__Dataset excerpts__.
+===+
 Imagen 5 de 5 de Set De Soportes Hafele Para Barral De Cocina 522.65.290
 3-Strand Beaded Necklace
+===+
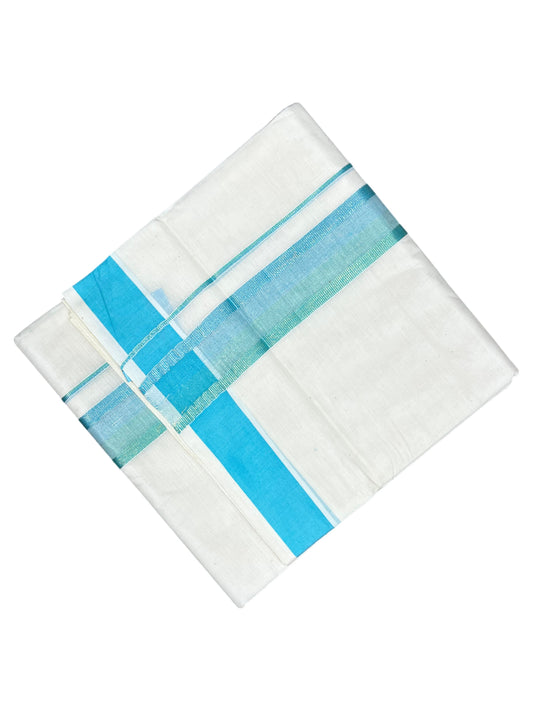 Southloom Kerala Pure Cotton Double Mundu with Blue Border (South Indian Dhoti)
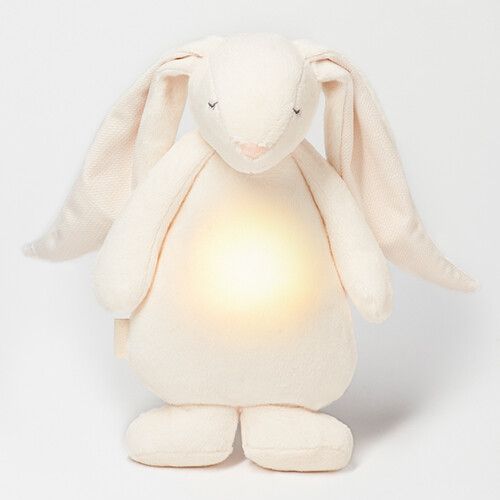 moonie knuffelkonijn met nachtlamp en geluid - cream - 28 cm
+===+
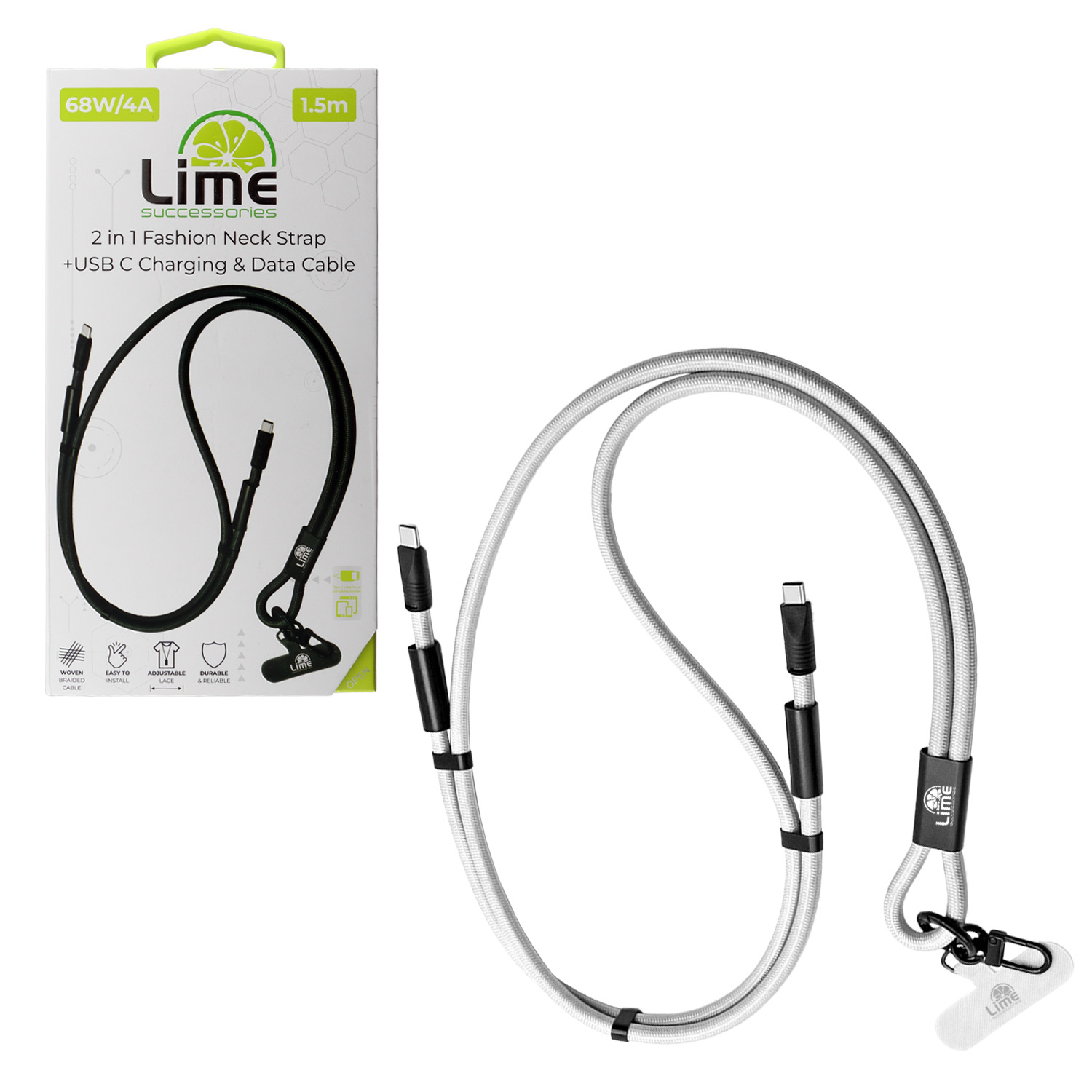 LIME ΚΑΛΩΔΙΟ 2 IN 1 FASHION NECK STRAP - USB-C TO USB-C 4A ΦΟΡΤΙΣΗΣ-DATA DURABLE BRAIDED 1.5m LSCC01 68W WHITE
+===+
__Your objective__.
In the listing above, find the line containing "Southloom Kerala Pure" and the line containing "moonie knuffelkonijn met", then return both of them and every line between, exactly, without pictures.

__Answer to this problem__.
 Southloom Kerala Pure Cotton Double Mundu with Blue Border (South Indian Dhoti)
 moonie knuffelkonijn met nachtlamp en geluid - cream - 28 cm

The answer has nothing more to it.